Sevdiğinden sonraya kalmak dilermiş  nefs-i bed

Kıssa-ı nîkû-yı bûtîmâr geldi hâtıra

Esat Paşa

Türk kültüründe ve dünya kültürlerinde, masallarda, hikâyelerde yahut efsanelerde anlatılan hayvanların yaşamları, insanlar için ilham kaynağı olmuştur. Kültürel unsurlar içerisinde sıklıkla kullanılan hayvan imgelerinden biri de ‘kuş’ imgesidir. Hem yeri hem göğü çağrıştıran bu imge insanlık tarihinden çok daha eski bir geçmişe sahiptir (Karakuş ve Ötgün, 2020). İnsanlar özellikle kuşların tabiatından dersler çıkarmışlardır.  Zira bir kuşun tabiatında pek tabii insan davranışını görmek mümkündür. Örneğin; Butimar, Pers Mitolojisinde anlatılan efsanevi bir kuştur.
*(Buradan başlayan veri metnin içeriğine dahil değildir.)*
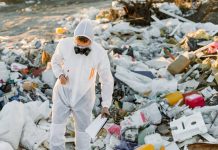 Scientists turn plastic waste into efficient CO₂ absorbers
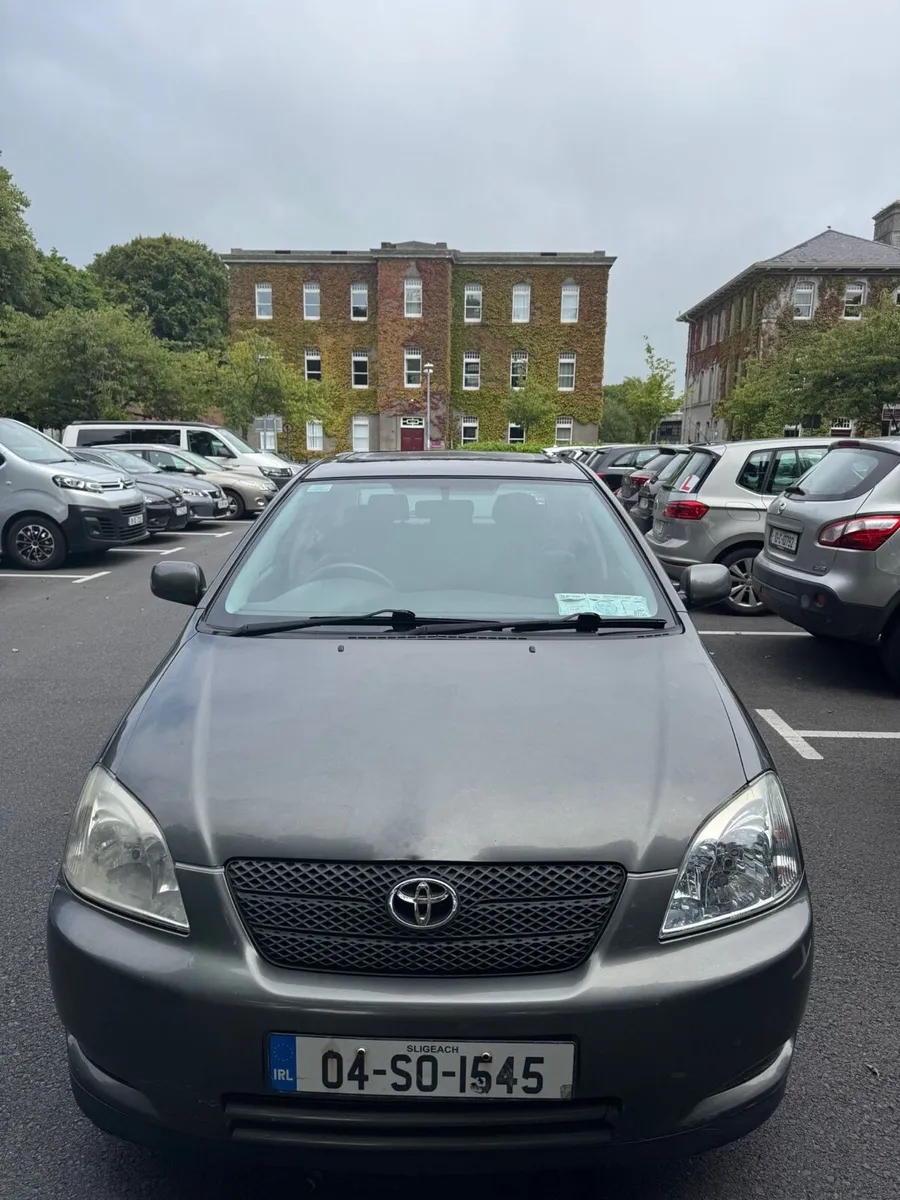 Toyota Corolla 2004 – For Sale - Image 1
Denize maşuk bir kuş, kanatlarını açar denizin kıyısına çöker; bu kuşun tatlı su yerine deniz suyu içerek hayatını devam ettirdiği rivayet edilir. Butimar, deniz suyunu içerek tüketebileceğinden öylesine korkar ki bu tasa yüzünden hiç su içmez. En sonunda koca denizde susuzluktan ölür. Bazen korku duygusu, kaygı ve kaybetme endişesi öyle büyük bir şekilde üzerimize gelir ki insan, içinde bulunduğu imkânları göremeyecek ve onları kullanamayacak hale gelir. Tükenmesinden, bitmesinden korkar, tıpkı Butimar Kuşu gibi okyanusta susuz bırakır kendini. Peki, gerçekte korku nedir? Korku o an var olan somut tehlikeye karşı hissi bir tepki olarak tanımlanır. Korkunun “şu anki” yönüne, kaygının ise “beklenen” yönüne odaklanılmaktadır. Korku: Şu an var olan somut tehdit ve tehlike ile ilgiliyken kaygı, gelecekte olması muhtemel durumlarla ilgilidir. Ormanda vahşi bir hayvana ya da büyük bir patlamaya, doğal afetlere ve diğer insanların tehdit ve saldırılarına maruz kalan bir kişi, korku yaşar. Kaygı: Kişinin hayatında o anda ve gelecekte nasıl gerçekleşeceği belli olmayan; belki de gerçekleşmesi hiç muhtemel olmayan öznel bir durumla ilgili endişe ve tedirginlik duyma hali olarak tanımlanabilir (Şahin, 2019).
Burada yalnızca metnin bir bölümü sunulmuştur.